Reporting and output generation for the Karaoke Song Library Cleanup Tool.
"""
from typing import Dict, List, Any
from collections import defaultdict, Counter
from utils import format_file_size, get_file_extension, extract_channel_from_path
class ReportGenerator:
"""Generates reports and statistics for the karaoke cleanup process."""
def __init__(self, config: Dict[str, Any]):
self.config = config
self.verbose = config.get('output', {}).get('verbose', False)
self.include_reasons = config.get('output', {}).get('include_reasons', True)
self.channel_priorities = config.get('channel_priorities', [])
def analyze_skip_patterns(self, skip_songs: List[Dict[str, Any]]) -> Dict[str, Any]:
"""Analyze patterns in the skip list to understand duplicate distribution."""
analysis = {
'total_skipped': len(skip_songs),
'file_type_distribution': defaultdict(int),
'channel_distribution': defaultdict(int),
'duplicate_reasons': defaultdict(int),
'kept_vs_skipped_channels': defaultdict(lambda: {'kept': 0, 'skipped': 0}),
'folder_patterns': defaultdict(int),
'artist_duplicate_counts': defaultdict(int),
'title_duplicate_counts': defaultdict(int)
}
for skip_song in skip_songs:
# File type analysis
ext = get_file_extension(skip_song['path'])
analysis['file_type_distribution'][ext] += 1
# Channel analysis for MP4s
if ext == '.mp4':
channel = extract_channel_from_path(skip_song['path'], self.channel_priorities)
if channel:
analysis['channel_distribution'][channel] += 1
analysis['kept_vs_skipped_channels'][channel]['skipped'] += 1
# Reason analysis
reason = skip_song.get('reason', 'unknown')
analysis['duplicate_reasons'][reason] += 1
# Folder pattern analysis
path_parts = skip_song['path'].split('\\')
if len(path_parts) > 1:
folder = path_parts[-2] # Second to last part (folder name)

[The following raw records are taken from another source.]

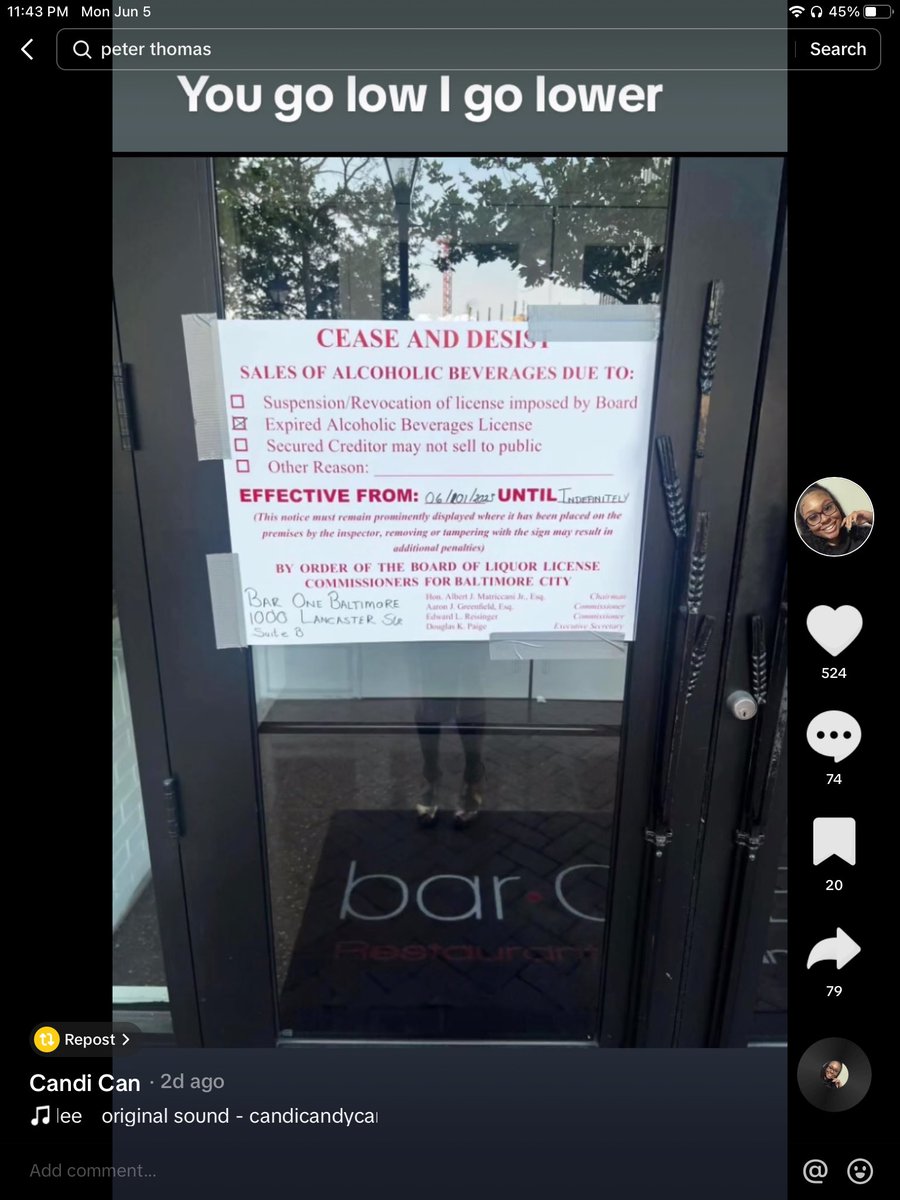 rcbird1021's tweet image. Peter Thomas is out here telling y’all these folks who say he’s not paying them are scammers but it looks like Peter isn’t paying anyone. Liquor license expired. That’s a basic necessity in the bar business. #barone #peterthomas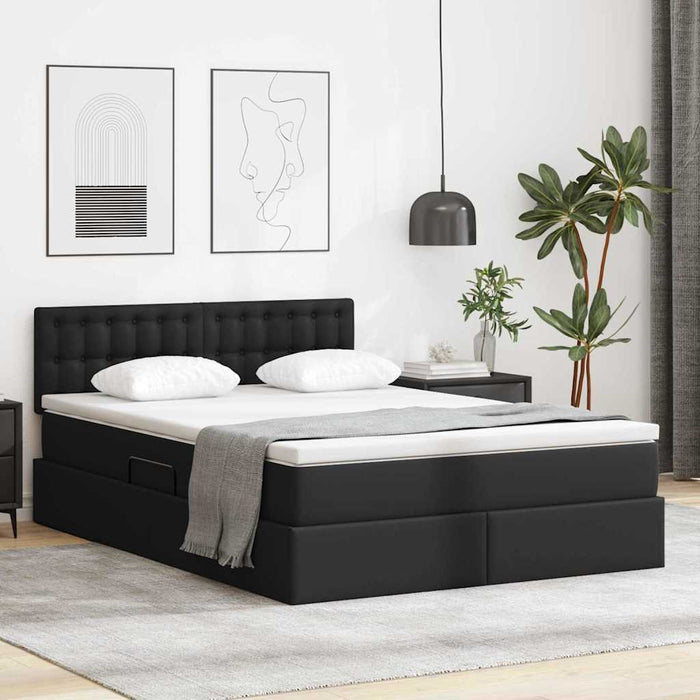 Letto con contenitore e materasso Nero 140 x 200 cm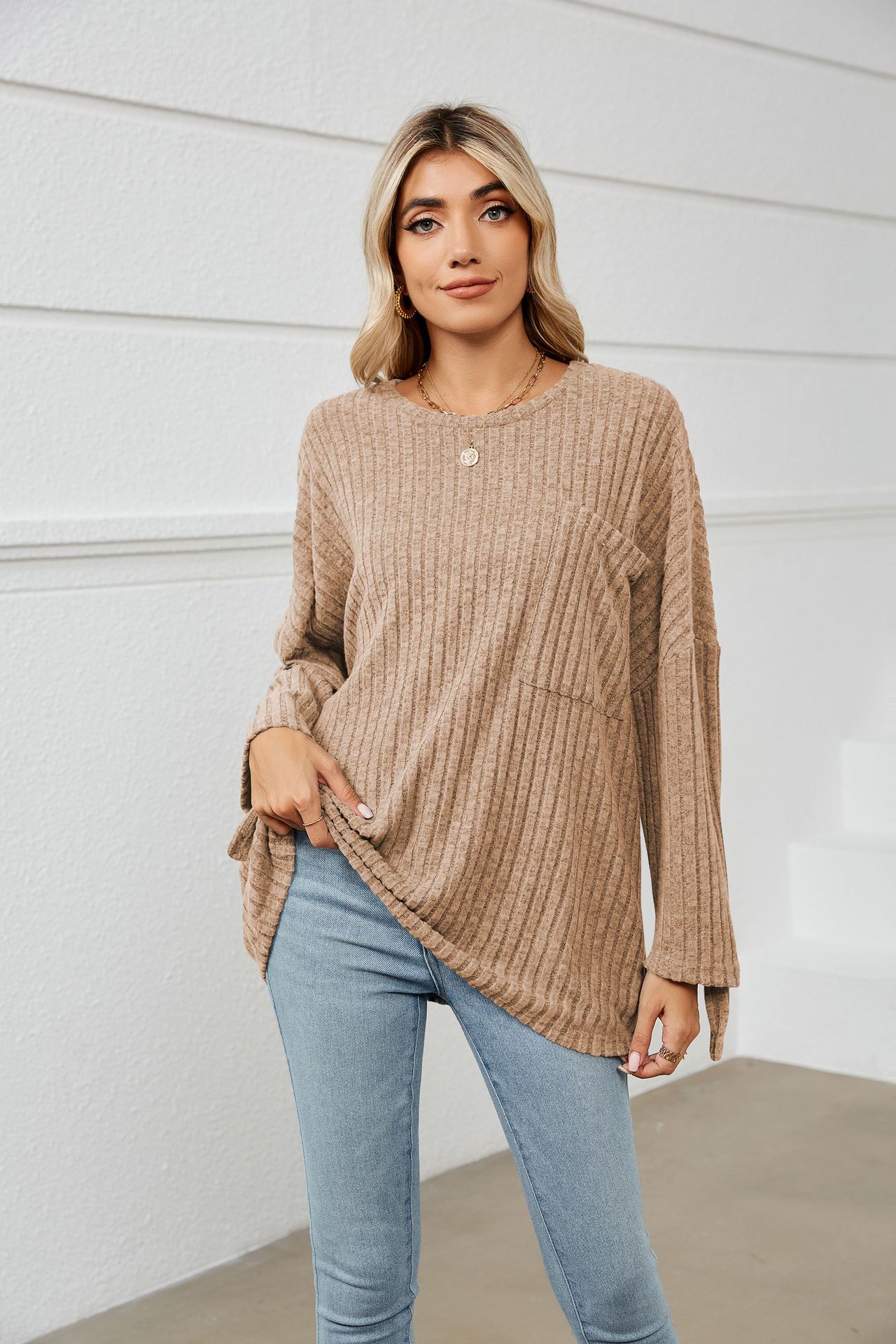 Women's Sunken Stripe Fleece Long-sleeved T-shirt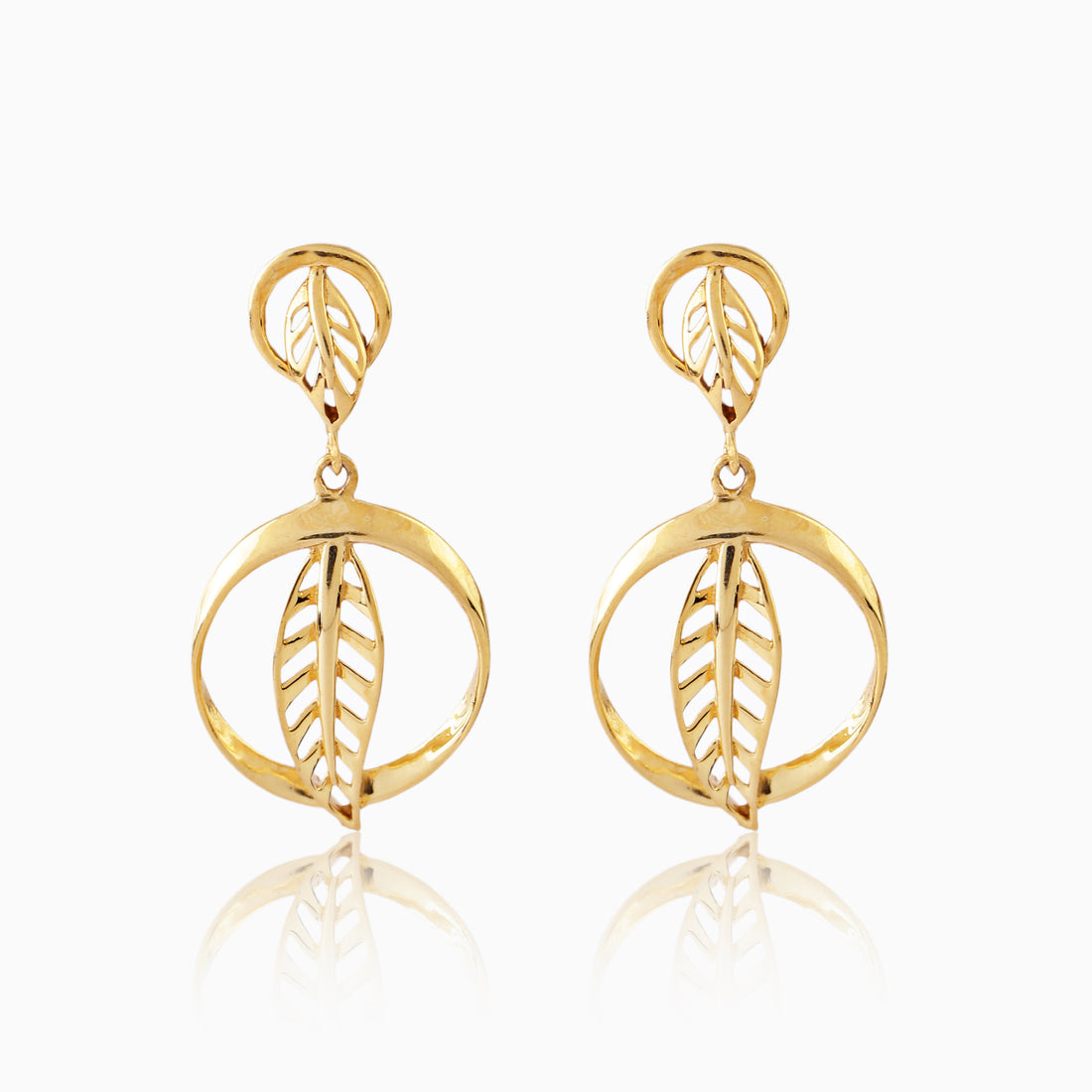 Front view of 925 silver gold-finish leaf circle drop earrings highlighting detailed leaf design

analysis['folder_patterns'][folder] += 1
# Artist/Title duplicate counts
artist = skip_song.get('artist', 'Unknown')
title = skip_song.get('title', 'Unknown')
analysis['artist_duplicate_counts'][artist] += 1
analysis['title_duplicate_counts'][title] += 1
return analysis
def analyze_channel_optimization(self, stats: Dict[str, Any], skip_analysis: Dict[str, Any]) -> Dict[str, Any]:
"""Analyze channel priorities and suggest optimizations."""
analysis = {
'current_priorities': self.channel_priorities.copy(),
'priority_effectiveness': {},
'suggested_priorities': [],
'unused_channels': [],
'missing_channels': []
}
# Analyze effectiveness of current priorities
for channel in self.channel_priorities:
kept_count = stats['channel_breakdown'].get(channel, 0)

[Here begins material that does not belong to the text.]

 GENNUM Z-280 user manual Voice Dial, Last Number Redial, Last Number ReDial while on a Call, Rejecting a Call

skipped_count = skip_analysis['kept_vs_skipped_channels'].get(channel, {}).get('skipped', 0)
total_count = kept_count + skipped_count
if total_count > 0:
effectiveness = kept_count / total_count
analysis['priority_effectiveness'][channel] = {
'kept': kept_count,
'skipped': skipped_count,
'total': total_count,
'effectiveness': effectiveness
}
# Find channels not in current priorities
all_channels = set(stats['channel_breakdown'].keys())
used_channels = set(self.channel_priorities)

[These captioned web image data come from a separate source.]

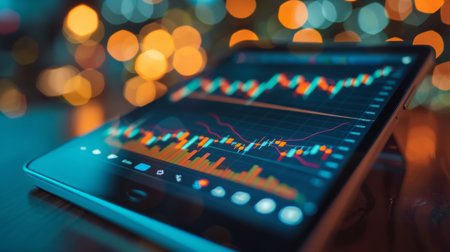 A digital tablet displaying a candlestick chart of gold prices, used for technical analysisの素材
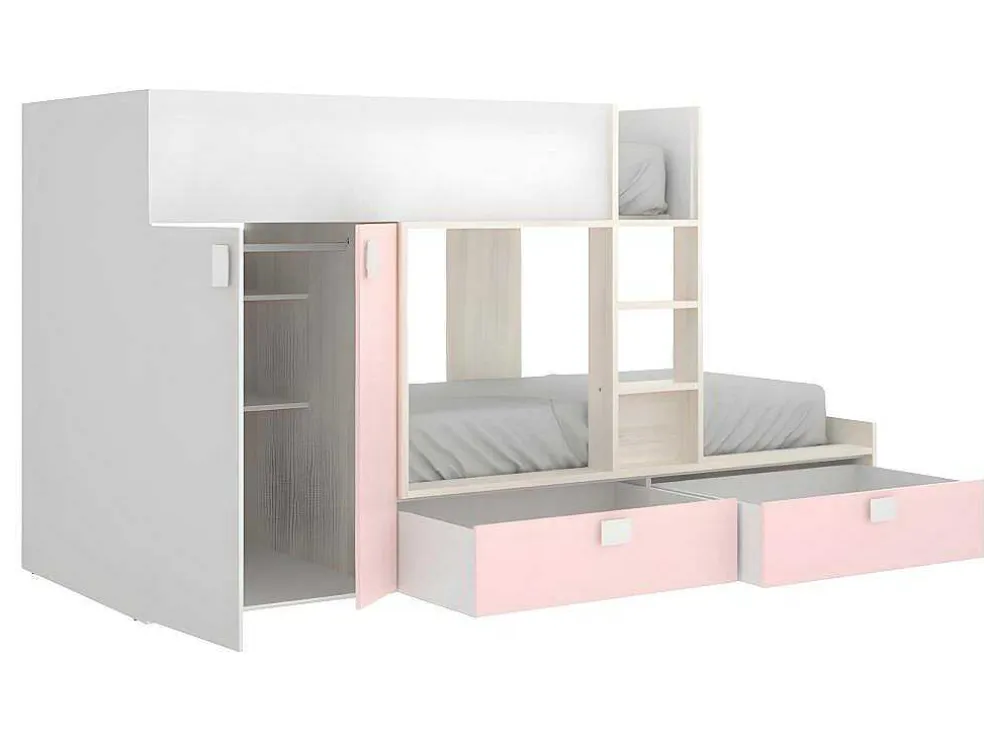 Stapelbed Juanito Met Ingebouwde Kast En Opbergruimte - 2X90X190Cm - Wit, Eiken En Roze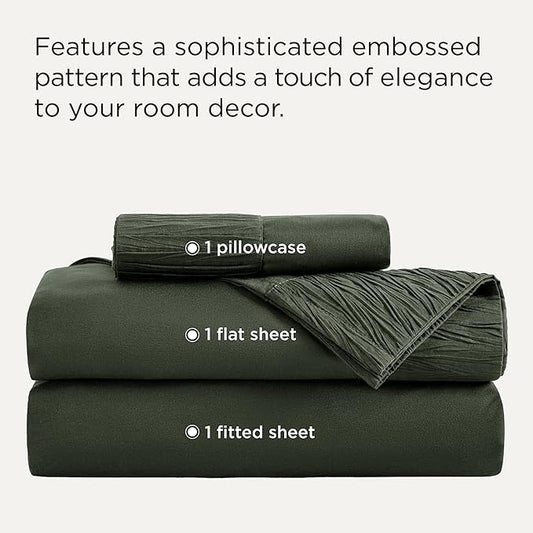 Bedsure Twin Sheets Set - 3 Pieces Soft Twin Bed Sheets - Breathable & Cooling - Hotel Luxury - Easy Care Polyester Microfiber Bedding for Women, Men, Olive Green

analysis['unused_channels'] = list(all_channels - used_channels)
# Suggest priority order based on effectiveness
if analysis['priority_effectiveness']:
sorted_channels = sorted(
analysis['priority_effectiveness'].items(),
key=lambda x: x[1]['effectiveness'],
reverse=True
)
analysis['suggested_priorities'] = [channel for channel, _ in sorted_channels]
return analysis
def generate_enhanced_summary_report(self, stats: Dict[str, Any], skip_analysis: Dict[str, Any]) -> str:
"""Generate an enhanced summary report with detailed statistics."""
report = []
report.append("=" * 80)
report.append("ENHANCED KARAOKE SONG LIBRARY ANALYSIS REPORT")
report.append("=" * 80)
report.append("")
# Basic statistics
report.append("📊 BASIC STATISTICS")
report.append("-" * 40)
report.append(f"Total songs processed: {stats['total_songs']:,}")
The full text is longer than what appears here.